霍廷昱兴致勃勃地看着陈锦君,眼里满满的宠溺,陈锦君本来不用说那么多话的,而且战争的罪名也和陈锦君没有任何关系,可是她还是耗费口舌和出卖色相来激怒江禄。
陈锦君快速的和霍廷昱对上视线,又快速地把目光移开。
江禄看着陈锦君脸上为难的神色,知道自己这是落入了她的圈套,可是事已至此,自己不能不顺着走下去。
“赋税的事情,可以谈。”他终于还是做出了让步。
可是陈锦君又哪能给他这种机会:“江大帅说这些,心里是怎么想的,我也不是不清楚。”
说着陈锦君看着江越:“就说江少帅,这半天了,一句镖师也没有,我就知道,这江家还是大帅做主,那我嫁过去,上面不仅有少帅,事事又要听从大帅的,知道的我是嫁给儿子,不知道的还以为我是嫁老子呢。

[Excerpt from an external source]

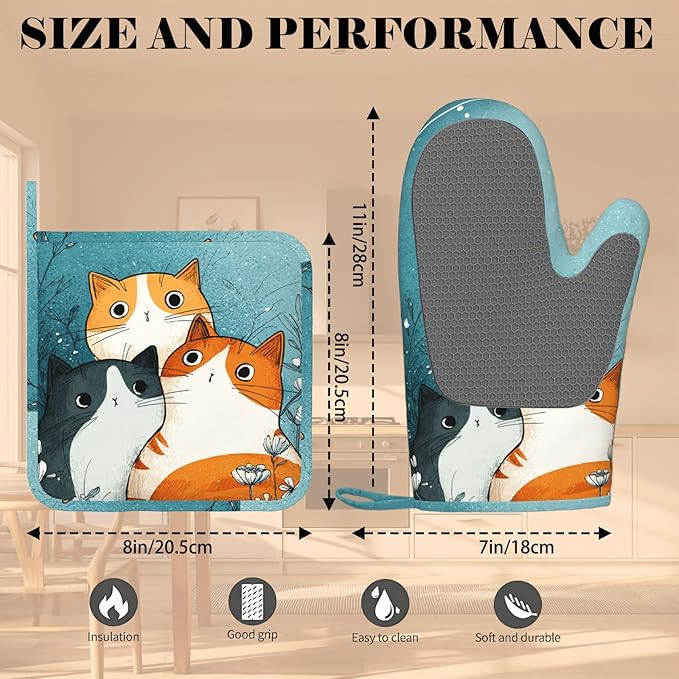 Cute Cartoon Cat Oven Mitts and Pot Holders Sets Funny Cat Silicone Heat - Image 3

”
陈锦君咬着牙,好像受了天大的委屈。
“你!”江禄一拍桌子,手指紧紧地抠着桌角。
霍廷昱不屑地看着江禄,就这定理,也好意思说自己是一方大帅?
也真是不怕被人笑掉大牙。
可是即使霍廷昱如此看不起江禄,他也不得不承认,江禄在领兵打仗的时候有着一股子贪婪驱动的狠劲,处理起来也颇为麻烦。
“江大帅何必和一个小女子置气?这要是传出去,也不怕让人笑掉了大牙,在背后说大帅没有气度。”霍廷昱和江禄这么多年的老对头,自然知道怎么踩他的痛点。
果不其然,一听霍廷昱这话,江禄就彻底坐不住了:“霍廷昱,你不要太嚣张了。”
“江大帅说笑了,您是前辈,我不过是一个晚辈,即使咱们如今坐在同一个位置上,哪怕雍州这些年比柴阳发展得好,晚辈也不敢对前辈不敬啊。”
霍廷昱一脸恳切的说着,配上他那一张正直敦厚的脸,怎么看也不像是说假话的样子。
可是他话里话外无不在炫耀自己比江禄强,这就十分打击江禄的自信心。
江禄可听不得这些,愤愤地说:“霍廷昱,你觉得雍州比柴阳强,觉得自己比我强是吧,那咱们换个方式。”